The supplements are expensive but they’ve helped. And this made me start thinking about how much money I would spend, if money could be used in this way, in order to eliminate physical pain and discomfort from my life completely.
What if money could restore me to a benchmark level of comfort and performance?
A couple of weeks ago, The Washington Post published an article about how much money people might be willing to spend in order to be pain free. At the risk of oversimplification, according to the study cited by the article, people would pay between $56.00 and $145.00 per day in order to be pain free. That works out to between $20,000.00 and $53,000.00 per year.

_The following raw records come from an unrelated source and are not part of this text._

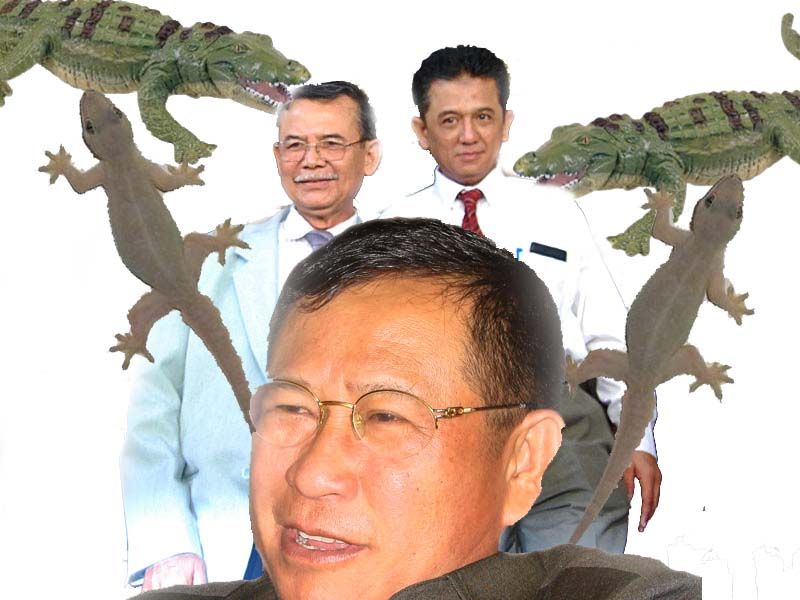 Kumpulan karikatur dukungan masyarakat pada KPK agar tetap terus eksis Kumpulan karikatur dukungan masyarakat pada KPK agar tetap terus eksis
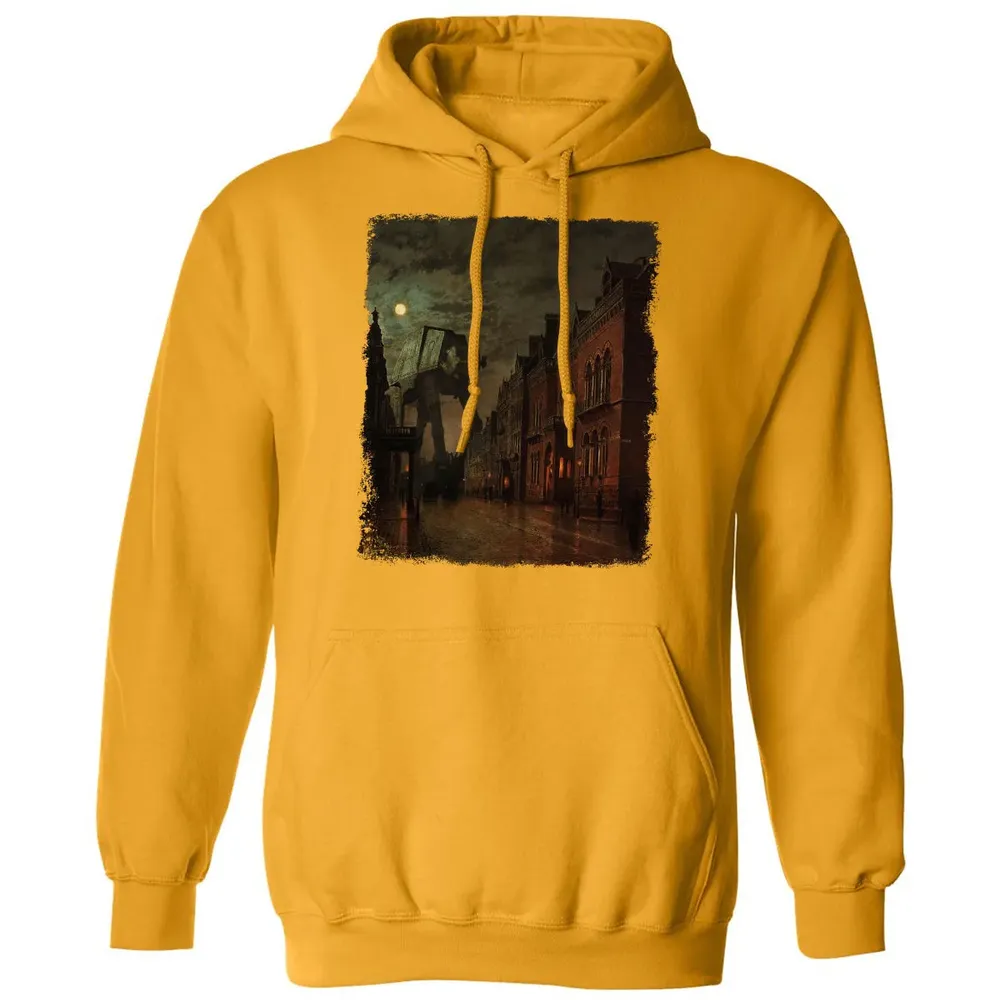 AT In The Street Classic Unisex Hoodie - 12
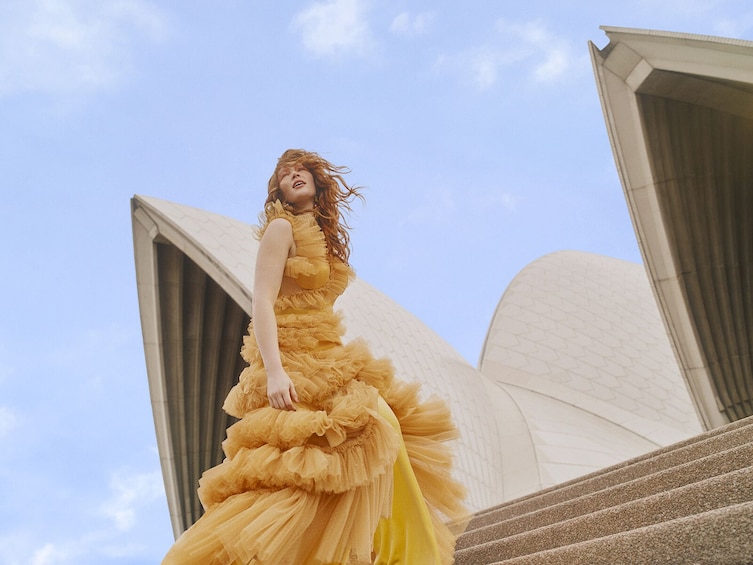 Opera Performance at the Sydney Opera House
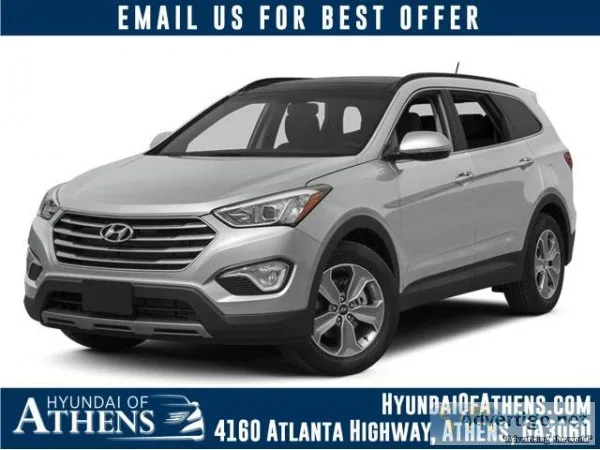 2013 Hyundai Santa Fe GLS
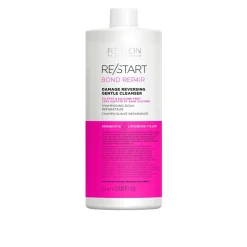Revlon Professional Re/Start Bond Repair Damage Reversing Gentle Cleanser Shampoo 1L (33.8floz)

This question, (how much money is a pain-free day worth), is one that lawyers, judges and courts have awkwardly been struggling to answer for generations. For lawyers who represent people who have been seriously and sometimes grievously injured as a result of another person or company’s intentional or negligent conduct, the dollar value of pain is crucially important.
It requires a lawyer to authentically place himself into the life, the skin, the body of the person who so desperately requires his advocacy.
Our court system simply has no other way to compensate people for their pain, than asking a jury to be fair just and reasonable and decide how much money to award someone who has been injured by someone else’s wrongful conduct.
As an advocate for a seriously injured person, a lawyer absolutely must be able to draw from a natural, profoundly deep well of compassion. If you’re a lawyer and you’re advocating for someone who suffers with pain, anguish, worry and fear, and you don’t have that well of compassion, then you’re just faking it. If you can’t identify with that person’s experience, then try another line of work.
All of us at the Maddox Law Firm learn intimately about the people who seek our representation. It is part of our mission to become experts in our people, their experience, their losses, obstacles, handicaps, their pain and their goals. That’s what the fight is about.
You can’t fight for a file. There’s no inspiration in a case number. We fight for people and their families and the best possible results that can be obtained for them.